For her contributions to astronomy, Cannon received a number of honors. She was elected an honorary member of the Royal Astronomical Society of England in 1914, since women were not offered full membership at the time. In 1921, the University of Groningen in the Netherlands awarded Cannon an honorary doctorate in astronomy. She also received honorary degrees from Wellesley College and the University of Oxford in England in 1925—she was the first woman to receive this honor from Oxford. Cannon received other honors as well, including the Nova Medal of the American Association of Variable Star Observers in 1922 and the Draper Gold Medal from the National Academy of Sciences in 1931.
For the remainder of her career, Cannon continued to classify stars. She classified down to the eleventh magnitude, which are stars that appear fainter and can be viewed with amateur telescopes. Her work was published as the Henry Draper Extension in 1925 and 1949. Cannon also published catalogues of variable stars, including three hundred that she had discovered herself. She discovered five novae as well, stars that burn brilliantly and then gradually burn out.

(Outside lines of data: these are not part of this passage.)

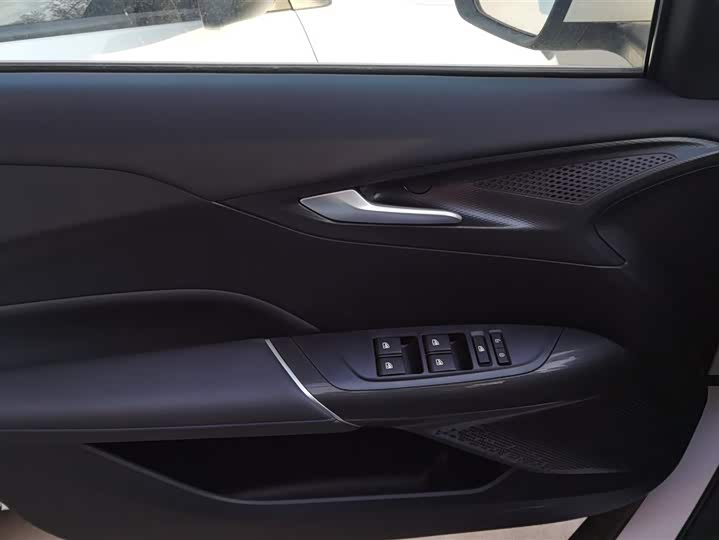 Фото 7 - Changan Eado Plus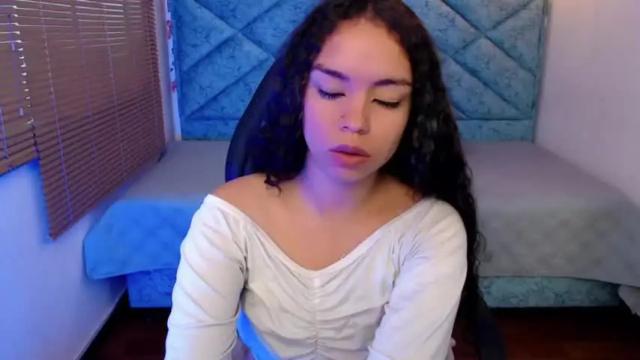 Image 2 of damhara_hot Stream on Chaturbate on 14 months ago
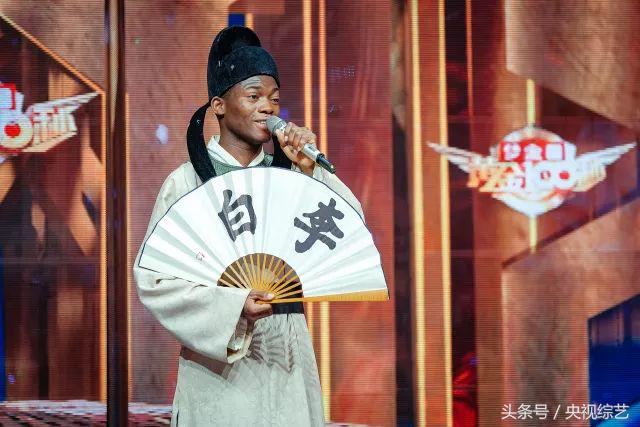 前喀麦隆国青队队员展示花式足球脚法,黄金舞台秒变绿荫场!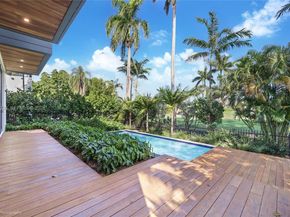 5825 Alton Rd, Miami Beach FL 33140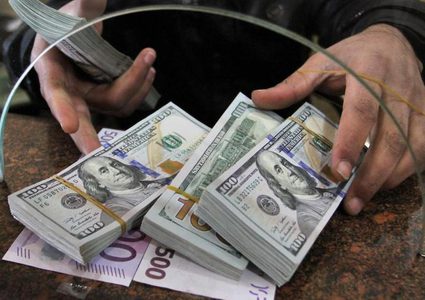 خبير اقتصادي: أسباب وتداعيات ارتفاع قيمة الدولار أما العملات الأخرى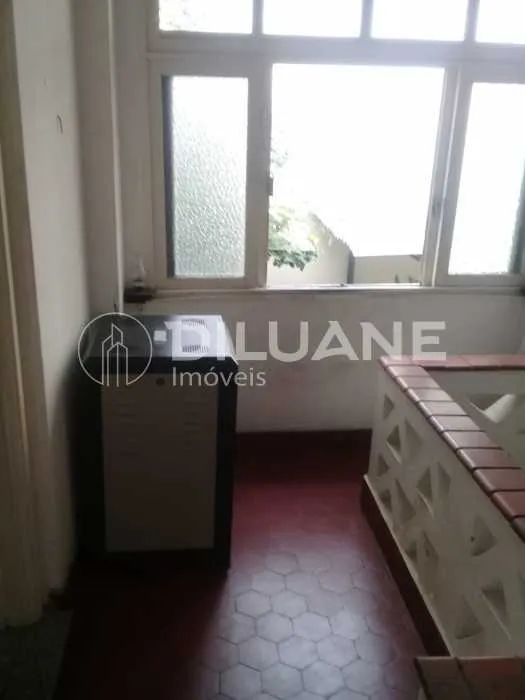 Unfurnished 1-bedroom apartment with 1 bathroom and parking — photo 17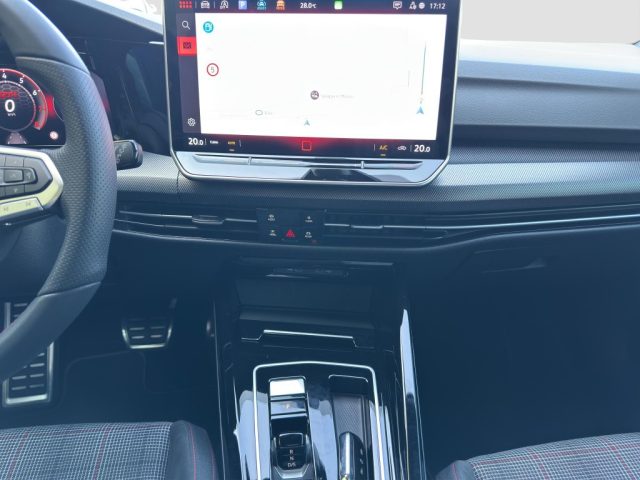 VOLKSWAGEN Golf usata, con Autoradio digitale
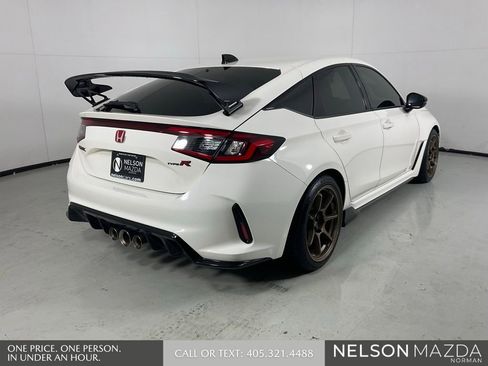 Used 2025 Honda Civic Type R image 6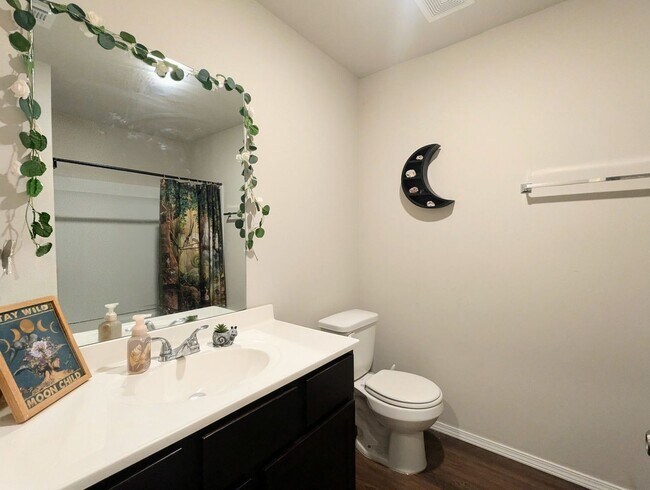Building Photo - Welcome Home to Comfort and Convenience in Newcastle!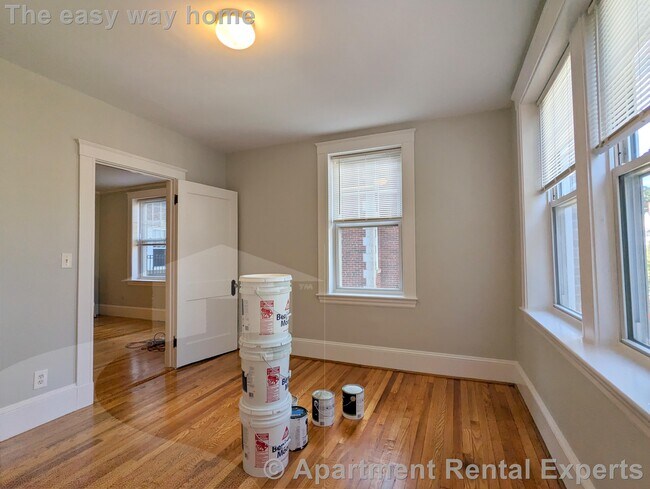 Building Photo - 156-158 Summer St Unit #309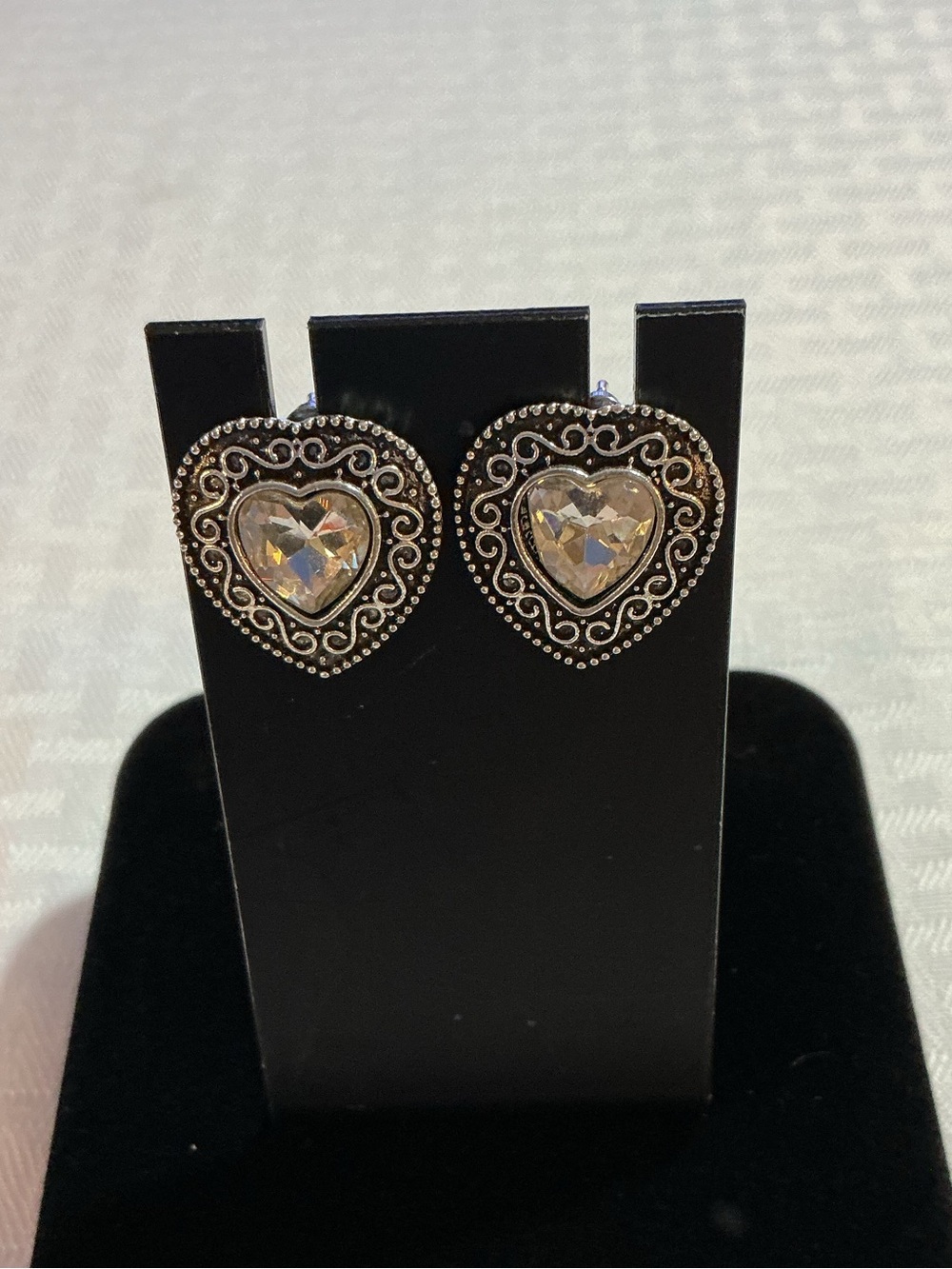 Chico’s Vintage Heart Scroll Filigree Burnished Silver Tone Stud Earrings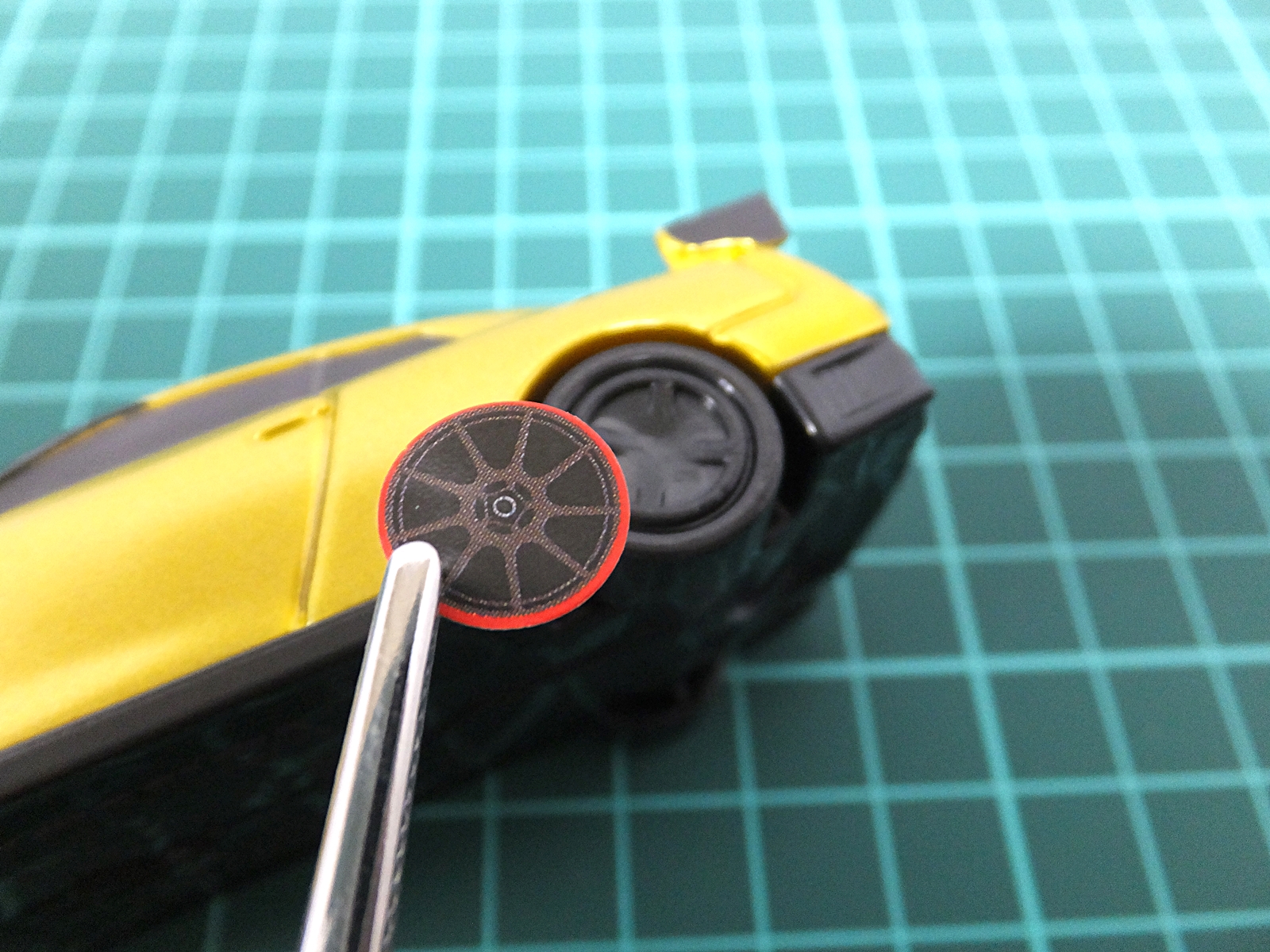 2022年モデルで初となるホイール部のレッドリム加飾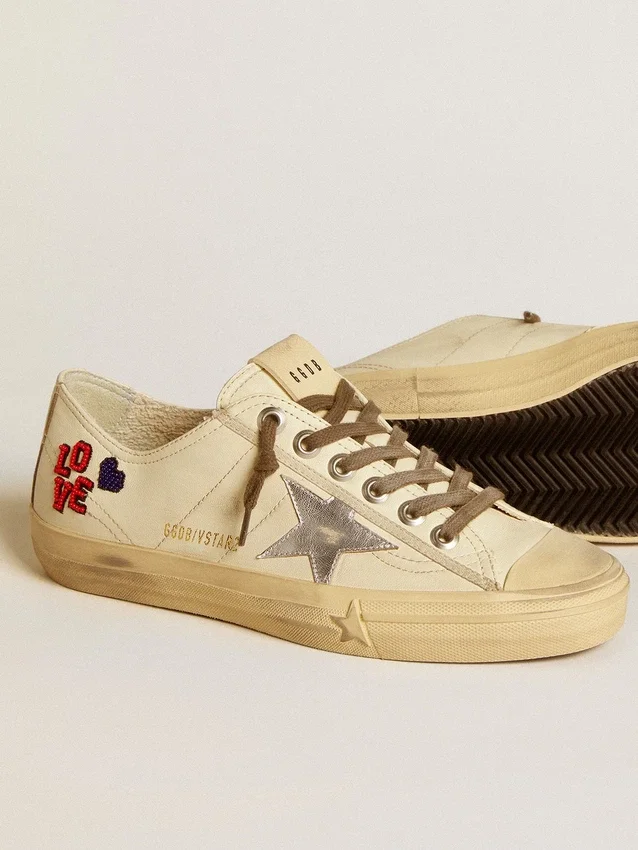V-Star en nappa écru avec étoile en nappa argenté et broderie perlée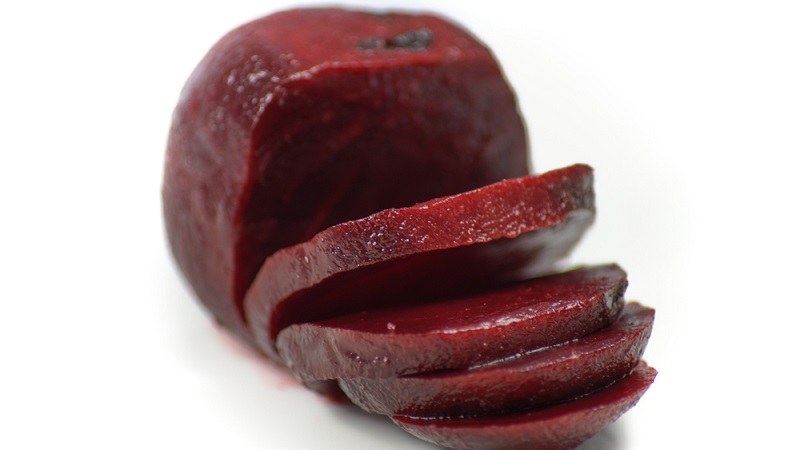 Les avantages et les inconvénients des betteraves bouillies: qu'est-ce qu'un bon légume bouilli et comment l'utiliser correctement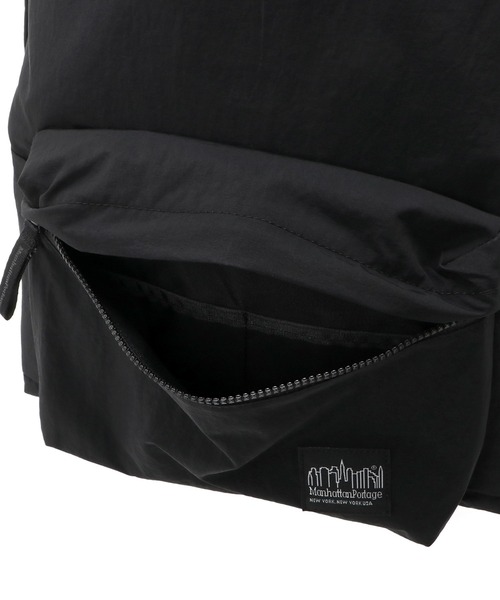Manhattan Portage BLACK LABEL(マンハッタンポーテージ ブラックレーベル)の「STUYTOWN BACKPACK NYLON TUSSAH(バックパック/リュック・メンズ・ブラック・MEDIUM)」の7枚目の写真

In 1938, at the age of seventy-five, Cannon was appointed the William Cranch Bond Astronomer at the Harvard Observatory. She was the first woman to receive this appointment. Cannon retired in 1940 and died soon after, on April 13, 1941.
Impact
Over the course of Cannon’s career at the Harvard College Observatory, she classified nearly 400,000 stars. Cannon continuously improved upon, amended, and modernized Pickering’s original stellar classification system. In doing so, she expanded Harvard’s photographic catalogue of stars to approximately 200,000 plates. As a result, the Harvard Observatory gained international prominence for having the largest collection of stellar photographic plates in the world, and the Henry Draper Catalogue became an important reference tool for astronomers.
Despite the fact that Cannon rarely touched a telescope—women were not allowed to operate the more powerful telescopes during her time at Harvard—her contributions to astronomy were recognized nationally and internationally both during her lifetime and after. Most significantly, the OBAFGKM system she created for stellar spectra classification was adopted in 1922 by the International Astronomical Union as the official classification system for astronomers. Since then, astronomers have used Cannon’s classification system for their analyses of the stars, particularly in deciphering the relationship between their type and temperature.
The American Astronomical Society (AAS) honors Cannon each year by presenting the Annie Jump Cannon Award to a female astronomy student. Begun in 1934, the award was given by the American Association of University Women (AAUW) between 1974 and 2004. Wesley College named the Cannon Science Hall in her honor.
Bibliography
Cannon, Annie J., and Edward C. Pickering. Annals of the Astronomical Observatory of Harvard College: The Henry Draper Catalogue. Charleston, SC: BiblioBazaar, 2008. Print. A reprint of the Henry Draper Catalogue, pre-1923.
Kaler, James B. Extreme Stars:At the Edge of Creation. New York: Cambridge UP, 2001. Print. An overview of stellar evolution, explaining the natures of various star types. Stars categorized in groups such as brightest, youngest, and hottest. Includes the OBAFGKM mnemonic.
---. Stars and Their Spectra: An Introduction to the Spectral Sequence. 2nd ed. New York: Cambridge UP, 2011. Print. An overview of stellar spectroscopy. Covers the fundamental properties of stars and their spectra and provides the history of stellar classification.
Robinson, Keith. Spectroscopy: The Key to the Stars: Reading the Lines in Stellar Spectra. London: Springer, 2007. Print. A nontechnical guide to stellar spectroscopy, from the energy of an atom and what makes a spectral line through the radiation and magnetic fields of stars.